駅に着いたら大雨雷状態であった。しばらくぼーっと空を眺める。やみそうもないなと思いつつも、もしかしたらやむかもと期待しつつ、15分くらい立ち続ける。

「あのー。すいません。手相の勉強しているんですけど。2、3分でいいんで手相を見せてくれませんか?」

メガネをかけた若いお姉さんに突然尋ねられる。疲れていたので、丁寧に断る。しかし、「もっと面白い反応を返すべきだった」と後で反省する。

しょうがないので、駅ビルに入っているユニクロと食材市場で買い物をすることにする。「雨が駅に着いた途端に降った場合、駅ビルの店舗には通常よりもお金が落ちていくのではないか。もしそうであれば、雨を自由自在に降らす技術を開発すれば、駅ビルの収入をアップさせることができるのではないか。」と考えながら、ユニクロでポロシャツを2着買う。私にしては珍しい、ピンク色と赤色のポロシャツを買ってみた。あした会社に着ていこう。

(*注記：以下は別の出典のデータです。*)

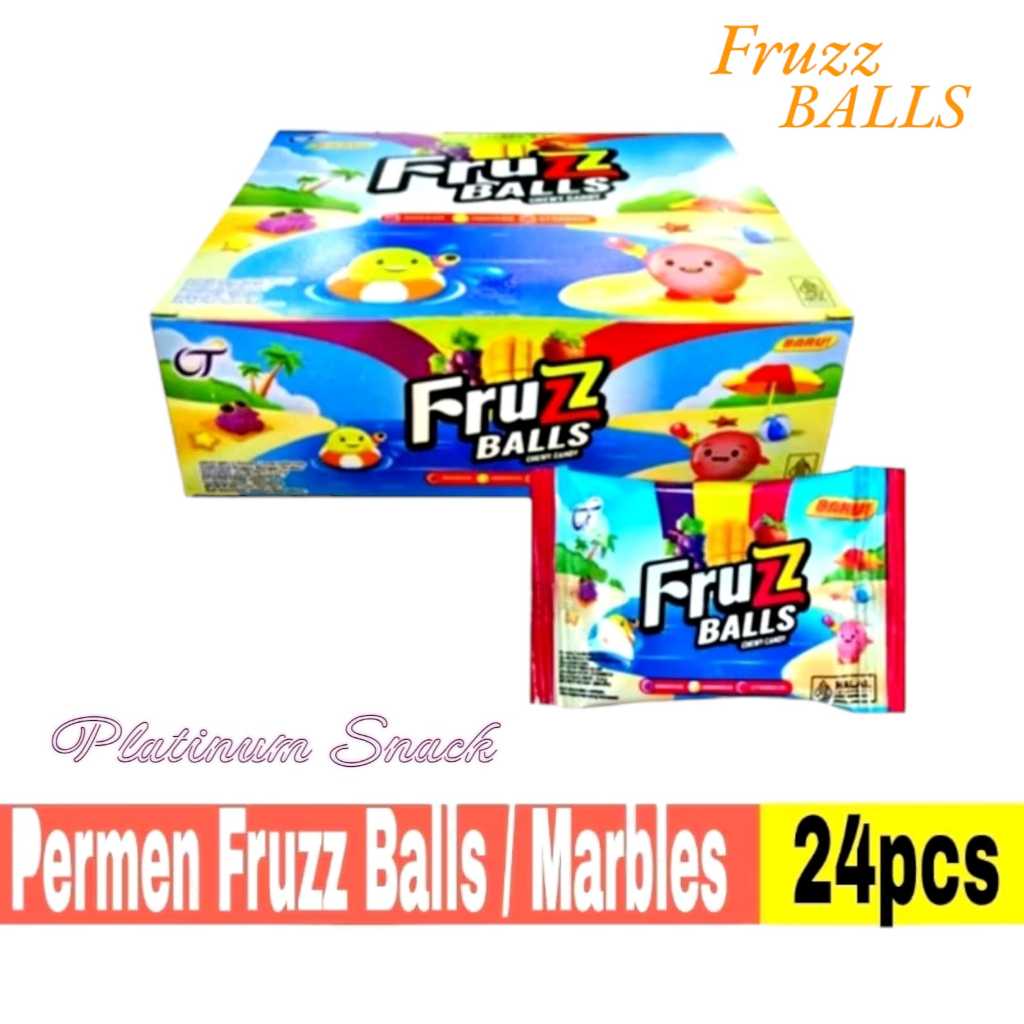 

Fruzz Balls Chewy Gummy | Isi 24 Sachet @ 5.4 Gr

次に、地下の食材市場をうろつく。珍しくハムを買ってみる。ついでにもずくを補給しようと思い、いつものもずくコーナーに行くと、「らふてー」を発見。生産者はホーメルとなっている。中城の当間で生産しているらしい。このようなものが東京で売られているとは知らなかった。

「いったい誰がどのような交渉をしてどのような業者が幾つ絡んだうえであの「らふてー」は北千住くんだりの丸井の地下に並ぶことになったんだろう。ホーメルの人たちが昨今の沖縄ブームを敏感に感じ取り、これに便乗して「らふてー」を本土で売り出そうと決心したのであれば、その経緯をドキュメンタリータッチで見てみたい。誰かそういうの作れ。」と思いながら、階段を登って地上に上がり、結局えいやっと雨の中に飛び込む。全然やみそうにないので、濡れてしまうことをひとまず受け入れる。

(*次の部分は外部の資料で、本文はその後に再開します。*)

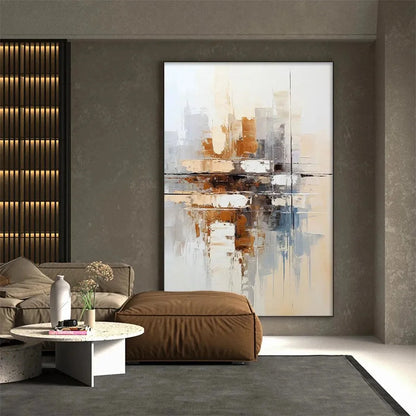 URBAN ABSTRACT: Beige Abstract Painting, Modern Wall Art, Textured Canvas, Vertical Artwork | Abstract mood, soft natural light studio shot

雨と雷の中を歩く。雨の中を歩くのはだいぶひさしぶりだ。雨の音と雷の音を利用して、歌を歌いながら歩く。リチウムを歌う。難しい。こぶしが入る「wonder what's wrong with me」の部分がうまく歌えない。何度もこの部分を繰返しながら、家路を急ぐ。道行く人は怪しまない。雨と雷ありがとう。

どんな状況も貪欲に利用して、楽しんでやろうと思う。